Nearly 50 percent of adult males and 25 to 30 percent of adult females are expected to become infected within another decade.
“Frequency-dependent diseases are typically hard to control with generalized removal strategies,” Samuel said. “If male and female deer had the same disease prevalence, the only way to reduce prevalence would be to selectively remove more infected animals than uninfected animals. We’d have to capture deer and test them, which would be very difficult and costly. Because we can easily distinguish bucks (by their antlers) from females, we’re lucky to have a management option.” Samuel said the research reinforces his skepticism that evolution and natural selection is a viable management option. “The sooner we actually do something about CWD, the better off we’ll be,” he said. “We still don’t know how the disease spreads, but one likely way is by infected yearling bucks dispersing to new areas. The worse the disease prevalence, the higher the infection rate we’ll see in young bucks, and the more likely they’ll spread the disease.”

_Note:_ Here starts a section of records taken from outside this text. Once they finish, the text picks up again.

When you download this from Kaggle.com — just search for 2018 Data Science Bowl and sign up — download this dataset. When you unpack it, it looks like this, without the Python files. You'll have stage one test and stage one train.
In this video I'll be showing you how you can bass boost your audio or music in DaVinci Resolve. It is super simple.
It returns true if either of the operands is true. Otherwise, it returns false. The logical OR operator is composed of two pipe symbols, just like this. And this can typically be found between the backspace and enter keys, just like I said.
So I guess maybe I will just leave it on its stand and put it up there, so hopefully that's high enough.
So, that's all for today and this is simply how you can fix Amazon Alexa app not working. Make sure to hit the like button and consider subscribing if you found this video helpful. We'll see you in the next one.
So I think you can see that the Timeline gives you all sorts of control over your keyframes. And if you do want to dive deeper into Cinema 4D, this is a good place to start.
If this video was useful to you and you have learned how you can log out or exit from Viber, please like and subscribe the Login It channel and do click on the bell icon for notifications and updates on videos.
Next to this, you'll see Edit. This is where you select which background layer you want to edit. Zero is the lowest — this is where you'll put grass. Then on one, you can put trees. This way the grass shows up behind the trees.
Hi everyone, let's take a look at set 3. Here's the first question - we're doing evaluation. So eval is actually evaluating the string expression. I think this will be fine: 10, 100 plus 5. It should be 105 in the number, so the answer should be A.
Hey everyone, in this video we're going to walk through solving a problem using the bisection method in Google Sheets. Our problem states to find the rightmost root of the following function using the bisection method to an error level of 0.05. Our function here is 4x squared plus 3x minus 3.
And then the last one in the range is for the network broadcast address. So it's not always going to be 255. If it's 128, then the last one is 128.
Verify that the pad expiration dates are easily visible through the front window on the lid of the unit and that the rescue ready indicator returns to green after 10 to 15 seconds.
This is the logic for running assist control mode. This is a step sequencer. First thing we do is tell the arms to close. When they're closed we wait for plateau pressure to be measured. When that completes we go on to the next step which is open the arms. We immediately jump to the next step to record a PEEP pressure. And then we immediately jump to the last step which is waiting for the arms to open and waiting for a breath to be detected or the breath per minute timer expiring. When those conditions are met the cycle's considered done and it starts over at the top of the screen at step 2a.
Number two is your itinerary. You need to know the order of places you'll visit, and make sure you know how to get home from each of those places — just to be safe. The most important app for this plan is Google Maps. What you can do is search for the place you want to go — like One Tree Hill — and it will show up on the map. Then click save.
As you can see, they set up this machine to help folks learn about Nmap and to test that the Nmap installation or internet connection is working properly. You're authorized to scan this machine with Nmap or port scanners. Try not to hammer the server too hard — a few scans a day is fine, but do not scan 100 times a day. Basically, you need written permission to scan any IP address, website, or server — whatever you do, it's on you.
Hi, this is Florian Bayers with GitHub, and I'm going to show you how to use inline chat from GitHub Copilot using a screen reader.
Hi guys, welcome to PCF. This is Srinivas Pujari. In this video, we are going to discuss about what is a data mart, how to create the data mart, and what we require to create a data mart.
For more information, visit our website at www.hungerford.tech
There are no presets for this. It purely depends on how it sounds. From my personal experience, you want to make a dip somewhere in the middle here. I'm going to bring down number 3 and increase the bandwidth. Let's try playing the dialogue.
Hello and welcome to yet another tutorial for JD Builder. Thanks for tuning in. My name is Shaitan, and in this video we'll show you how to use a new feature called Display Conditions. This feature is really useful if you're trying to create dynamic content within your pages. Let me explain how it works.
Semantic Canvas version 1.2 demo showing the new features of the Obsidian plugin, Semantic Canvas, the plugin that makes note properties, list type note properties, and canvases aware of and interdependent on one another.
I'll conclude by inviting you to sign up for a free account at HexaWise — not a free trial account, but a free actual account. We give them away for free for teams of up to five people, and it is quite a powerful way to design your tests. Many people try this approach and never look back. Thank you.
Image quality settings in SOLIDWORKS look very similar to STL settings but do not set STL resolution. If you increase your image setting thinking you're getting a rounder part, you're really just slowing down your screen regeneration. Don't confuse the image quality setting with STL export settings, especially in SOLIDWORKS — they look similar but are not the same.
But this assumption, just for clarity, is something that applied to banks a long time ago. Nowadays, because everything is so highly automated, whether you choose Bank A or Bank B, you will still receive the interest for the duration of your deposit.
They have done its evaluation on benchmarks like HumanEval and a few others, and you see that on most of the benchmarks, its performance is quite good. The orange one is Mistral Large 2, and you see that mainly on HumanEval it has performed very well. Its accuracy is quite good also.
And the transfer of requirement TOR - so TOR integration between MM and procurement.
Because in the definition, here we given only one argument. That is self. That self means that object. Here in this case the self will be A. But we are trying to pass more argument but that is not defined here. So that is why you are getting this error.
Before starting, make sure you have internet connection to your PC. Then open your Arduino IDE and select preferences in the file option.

Samuel said CWD prevalence and its potential impacts were mostly ignored shortly after the disease was discovered in Wisconsin in November 2001. However, this new research also found that focusing hunting pressure on females to reduce deer densities won’t, by itself, reduce CWD prevalence either. “Shooting more bucks to reduce prevalence is one key to managing this disease, but we still need to work on abundance to some extent,” Samuel said. “These things go hand in hand.”
Reducing the overall deer population in CWD areas would make vaccination a more practical possibility, should a vaccine ever become available.
Further, reducing buck numbers and the overall deer population in CWD areas would make vaccination a more practical possibility, should a vaccine ever become available. “The lower the disease prevalence, the smaller the affected landscape, and the lower the deer population, the higher percentage of the herd you’d be able to treat,” Samuel said. “The better we can manage this disease now, the better we’d be able to manage it if we ever find that silver bullet.”